| ASSIGNMENT |
When you reach the entries below, transcribe each one exactly as it stands.
====== DATA PROVIDED
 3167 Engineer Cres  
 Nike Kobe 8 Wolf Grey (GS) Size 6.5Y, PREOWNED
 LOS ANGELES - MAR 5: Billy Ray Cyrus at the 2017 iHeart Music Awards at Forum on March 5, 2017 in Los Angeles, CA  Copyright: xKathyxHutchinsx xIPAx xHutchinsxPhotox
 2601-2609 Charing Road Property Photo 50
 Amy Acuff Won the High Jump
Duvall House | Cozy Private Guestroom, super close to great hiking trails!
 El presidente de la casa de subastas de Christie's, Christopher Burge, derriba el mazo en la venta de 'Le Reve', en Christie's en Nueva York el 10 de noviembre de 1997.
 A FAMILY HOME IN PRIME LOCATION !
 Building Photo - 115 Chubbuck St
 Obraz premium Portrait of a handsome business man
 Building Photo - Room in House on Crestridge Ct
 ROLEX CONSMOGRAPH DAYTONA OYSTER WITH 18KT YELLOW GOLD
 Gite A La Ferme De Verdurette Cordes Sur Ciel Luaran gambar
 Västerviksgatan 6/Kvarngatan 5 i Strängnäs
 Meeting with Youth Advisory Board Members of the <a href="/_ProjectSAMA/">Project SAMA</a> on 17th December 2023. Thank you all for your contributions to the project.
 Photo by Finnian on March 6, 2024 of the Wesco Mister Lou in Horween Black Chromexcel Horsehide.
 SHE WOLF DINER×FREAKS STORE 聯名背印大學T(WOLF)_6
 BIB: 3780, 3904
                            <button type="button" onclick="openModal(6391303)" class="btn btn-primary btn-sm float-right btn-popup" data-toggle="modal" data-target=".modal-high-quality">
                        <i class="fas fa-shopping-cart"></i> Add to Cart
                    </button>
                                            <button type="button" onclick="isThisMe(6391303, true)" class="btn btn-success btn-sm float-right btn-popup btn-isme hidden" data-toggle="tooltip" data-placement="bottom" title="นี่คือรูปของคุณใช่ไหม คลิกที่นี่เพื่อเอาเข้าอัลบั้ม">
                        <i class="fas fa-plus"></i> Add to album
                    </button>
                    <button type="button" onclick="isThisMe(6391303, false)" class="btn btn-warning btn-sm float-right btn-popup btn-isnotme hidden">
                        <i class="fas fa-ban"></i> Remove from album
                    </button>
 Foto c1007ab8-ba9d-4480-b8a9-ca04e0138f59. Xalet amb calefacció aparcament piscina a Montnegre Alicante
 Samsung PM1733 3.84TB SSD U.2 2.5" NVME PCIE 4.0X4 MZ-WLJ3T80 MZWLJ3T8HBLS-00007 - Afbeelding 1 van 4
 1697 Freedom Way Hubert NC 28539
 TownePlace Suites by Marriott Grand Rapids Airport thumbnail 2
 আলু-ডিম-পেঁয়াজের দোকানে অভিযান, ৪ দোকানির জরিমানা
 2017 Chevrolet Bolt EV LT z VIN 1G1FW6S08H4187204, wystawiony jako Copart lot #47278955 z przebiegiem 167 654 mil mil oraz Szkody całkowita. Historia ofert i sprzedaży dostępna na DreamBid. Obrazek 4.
============
| WRITTEN SOLUTION |
 3167 Engineer Cres  
 Nike Kobe 8 Wolf Grey (GS) Size 6.5Y, PREOWNED
 LOS ANGELES - MAR 5: Billy Ray Cyrus at the 2017 iHeart Music Awards at Forum on March 5, 2017 in Los Angeles, CA  Copyright: xKathyxHutchinsx xIPAx xHutchinsxPhotox
 2601-2609 Charing Road Property Photo 50
 Amy Acuff Won the High Jump
Duvall House | Cozy Private Guestroom, super close to great hiking trails!
 El presidente de la casa de subastas de Christie's, Christopher Burge, derriba el mazo en la venta de 'Le Reve', en Christie's en Nueva York el 10 de noviembre de 1997.
 A FAMILY HOME IN PRIME LOCATION !
 Building Photo - 115 Chubbuck St
 Obraz premium Portrait of a handsome business man
 Building Photo - Room in House on Crestridge Ct
 ROLEX CONSMOGRAPH DAYTONA OYSTER WITH 18KT YELLOW GOLD
 Gite A La Ferme De Verdurette Cordes Sur Ciel Luaran gambar
 Västerviksgatan 6/Kvarngatan 5 i Strängnäs
 Meeting with Youth Advisory Board Members of the <a href="/_ProjectSAMA/">Project SAMA</a> on 17th December 2023. Thank you all for your contributions to the project.
 Photo by Finnian on March 6, 2024 of the Wesco Mister Lou in Horween Black Chromexcel Horsehide.
 SHE WOLF DINER×FREAKS STORE 聯名背印大學T(WOLF)_6
 BIB: 3780, 3904
                            <button type="button" onclick="openModal(6391303)" class="btn btn-primary btn-sm float-right btn-popup" data-toggle="modal" data-target=".modal-high-quality">
                        <i class="fas fa-shopping-cart"></i> Add to Cart
                    </button>
                                            <button type="button" onclick="isThisMe(6391303, true)" class="btn btn-success btn-sm float-right btn-popup btn-isme hidden" data-toggle="tooltip" data-placement="bottom" title="นี่คือรูปของคุณใช่ไหม คลิกที่นี่เพื่อเอาเข้าอัลบั้ม">
                        <i class="fas fa-plus"></i> Add to album
                    </button>
                    <button type="button" onclick="isThisMe(6391303, false)" class="btn btn-warning btn-sm float-right btn-popup btn-isnotme hidden">
                        <i class="fas fa-ban"></i> Remove from album
                    </button>
 Foto c1007ab8-ba9d-4480-b8a9-ca04e0138f59. Xalet amb calefacció aparcament piscina a Montnegre Alicante
 Samsung PM1733 3.84TB SSD U.2 2.5" NVME PCIE 4.0X4 MZ-WLJ3T80 MZWLJ3T8HBLS-00007 - Afbeelding 1 van 4
 1697 Freedom Way Hubert NC 28539
 TownePlace Suites by Marriott Grand Rapids Airport thumbnail 2
 আলু-ডিম-পেঁয়াজের দোকানে অভিযান, ৪ দোকানির জরিমানা
 2017 Chevrolet Bolt EV LT z VIN 1G1FW6S08H4187204, wystawiony jako Copart lot #47278955 z przebiegiem 167 654 mil mil oraz Szkody całkowita. Historia ofert i sprzedaży dostępna na DreamBid. Obrazek 4.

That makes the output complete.